*** Opening Records for the exercise ***

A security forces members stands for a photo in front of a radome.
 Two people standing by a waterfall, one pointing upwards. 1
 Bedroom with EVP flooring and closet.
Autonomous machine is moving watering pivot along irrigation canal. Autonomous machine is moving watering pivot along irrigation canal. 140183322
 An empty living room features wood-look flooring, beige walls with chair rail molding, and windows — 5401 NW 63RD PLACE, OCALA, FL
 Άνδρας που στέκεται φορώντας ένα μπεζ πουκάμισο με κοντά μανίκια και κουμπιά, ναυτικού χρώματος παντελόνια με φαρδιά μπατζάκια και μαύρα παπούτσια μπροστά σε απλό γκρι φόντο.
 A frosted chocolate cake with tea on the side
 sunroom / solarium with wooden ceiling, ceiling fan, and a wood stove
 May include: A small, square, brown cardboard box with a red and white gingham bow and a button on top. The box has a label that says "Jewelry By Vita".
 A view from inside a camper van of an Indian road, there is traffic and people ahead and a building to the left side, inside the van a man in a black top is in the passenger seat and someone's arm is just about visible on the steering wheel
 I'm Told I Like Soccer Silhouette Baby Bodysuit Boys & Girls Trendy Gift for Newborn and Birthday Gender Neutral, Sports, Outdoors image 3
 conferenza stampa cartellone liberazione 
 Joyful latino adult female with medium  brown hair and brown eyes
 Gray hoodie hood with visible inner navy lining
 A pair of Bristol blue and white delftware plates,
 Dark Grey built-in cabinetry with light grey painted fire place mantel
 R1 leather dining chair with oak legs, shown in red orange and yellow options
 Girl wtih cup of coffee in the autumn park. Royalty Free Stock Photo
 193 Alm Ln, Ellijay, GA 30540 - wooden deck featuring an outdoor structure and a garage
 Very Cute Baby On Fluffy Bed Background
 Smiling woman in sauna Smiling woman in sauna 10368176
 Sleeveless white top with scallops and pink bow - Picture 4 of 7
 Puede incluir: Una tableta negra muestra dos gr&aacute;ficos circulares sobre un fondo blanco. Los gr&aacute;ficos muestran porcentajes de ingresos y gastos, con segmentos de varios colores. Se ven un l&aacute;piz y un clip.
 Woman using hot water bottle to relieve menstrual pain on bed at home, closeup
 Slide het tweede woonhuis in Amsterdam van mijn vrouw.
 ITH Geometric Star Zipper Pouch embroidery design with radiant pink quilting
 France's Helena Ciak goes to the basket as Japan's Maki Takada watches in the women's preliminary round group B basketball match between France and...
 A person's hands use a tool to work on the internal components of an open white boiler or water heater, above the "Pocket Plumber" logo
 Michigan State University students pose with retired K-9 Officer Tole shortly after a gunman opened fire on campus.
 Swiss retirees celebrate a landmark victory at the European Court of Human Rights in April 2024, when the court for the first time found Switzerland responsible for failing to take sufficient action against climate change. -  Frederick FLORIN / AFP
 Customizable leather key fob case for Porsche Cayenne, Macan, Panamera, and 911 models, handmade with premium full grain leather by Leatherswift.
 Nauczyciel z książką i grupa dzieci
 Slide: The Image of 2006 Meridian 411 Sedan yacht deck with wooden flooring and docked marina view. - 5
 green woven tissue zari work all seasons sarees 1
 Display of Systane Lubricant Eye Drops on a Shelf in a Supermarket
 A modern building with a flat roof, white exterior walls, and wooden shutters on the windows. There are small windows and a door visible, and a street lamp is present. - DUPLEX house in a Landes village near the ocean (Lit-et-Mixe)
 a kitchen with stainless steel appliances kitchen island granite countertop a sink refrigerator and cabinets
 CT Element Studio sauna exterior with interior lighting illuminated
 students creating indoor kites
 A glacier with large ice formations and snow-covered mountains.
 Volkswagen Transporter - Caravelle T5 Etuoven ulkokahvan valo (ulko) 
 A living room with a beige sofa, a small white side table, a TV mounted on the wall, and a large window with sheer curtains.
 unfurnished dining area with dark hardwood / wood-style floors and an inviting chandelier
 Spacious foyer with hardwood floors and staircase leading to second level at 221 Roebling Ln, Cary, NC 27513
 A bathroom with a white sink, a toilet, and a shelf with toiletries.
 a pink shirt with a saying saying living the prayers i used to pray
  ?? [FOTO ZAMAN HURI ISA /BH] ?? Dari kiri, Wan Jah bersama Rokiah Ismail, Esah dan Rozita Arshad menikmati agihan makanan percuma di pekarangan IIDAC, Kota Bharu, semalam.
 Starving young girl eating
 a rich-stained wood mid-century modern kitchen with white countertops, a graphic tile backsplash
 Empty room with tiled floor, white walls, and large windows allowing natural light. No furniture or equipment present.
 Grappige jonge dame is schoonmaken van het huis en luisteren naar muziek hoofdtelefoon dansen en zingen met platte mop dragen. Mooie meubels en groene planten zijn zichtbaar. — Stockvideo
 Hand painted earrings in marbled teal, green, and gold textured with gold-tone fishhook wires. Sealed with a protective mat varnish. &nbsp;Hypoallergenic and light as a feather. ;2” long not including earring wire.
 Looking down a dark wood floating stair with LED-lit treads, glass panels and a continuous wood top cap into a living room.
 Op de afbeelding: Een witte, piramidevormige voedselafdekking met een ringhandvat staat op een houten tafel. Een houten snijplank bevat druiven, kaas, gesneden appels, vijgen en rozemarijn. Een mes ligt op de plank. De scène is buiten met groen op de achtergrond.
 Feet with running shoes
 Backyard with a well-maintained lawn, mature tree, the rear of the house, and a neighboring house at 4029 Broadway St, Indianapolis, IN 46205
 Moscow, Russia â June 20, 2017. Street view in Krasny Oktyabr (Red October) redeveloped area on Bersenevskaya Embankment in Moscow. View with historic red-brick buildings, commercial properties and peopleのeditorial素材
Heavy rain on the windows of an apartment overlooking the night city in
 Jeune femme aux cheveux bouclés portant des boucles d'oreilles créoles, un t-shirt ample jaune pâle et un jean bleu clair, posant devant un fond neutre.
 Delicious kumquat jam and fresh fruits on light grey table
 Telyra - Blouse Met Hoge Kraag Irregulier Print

*** Closing Records for the exercise ***

> [Task objective] The lines to retype run from the start of the entries through the line containing "sunroom / solarium"; reproduce them exactly and add nothing.

> [Your solution]
A security forces members stands for a photo in front of a radome.
 Two people standing by a waterfall, one pointing upwards. 1
 Bedroom with EVP flooring and closet.
Autonomous machine is moving watering pivot along irrigation canal. Autonomous machine is moving watering pivot along irrigation canal. 140183322
 An empty living room features wood-look flooring, beige walls with chair rail molding, and windows — 5401 NW 63RD PLACE, OCALA, FL
 Άνδρας που στέκεται φορώντας ένα μπεζ πουκάμισο με κοντά μανίκια και κουμπιά, ναυτικού χρώματος παντελόνια με φαρδιά μπατζάκια και μαύρα παπούτσια μπροστά σε απλό γκρι φόντο.
 A frosted chocolate cake with tea on the side
 sunroom / solarium with wooden ceiling, ceiling fan, and a wood stove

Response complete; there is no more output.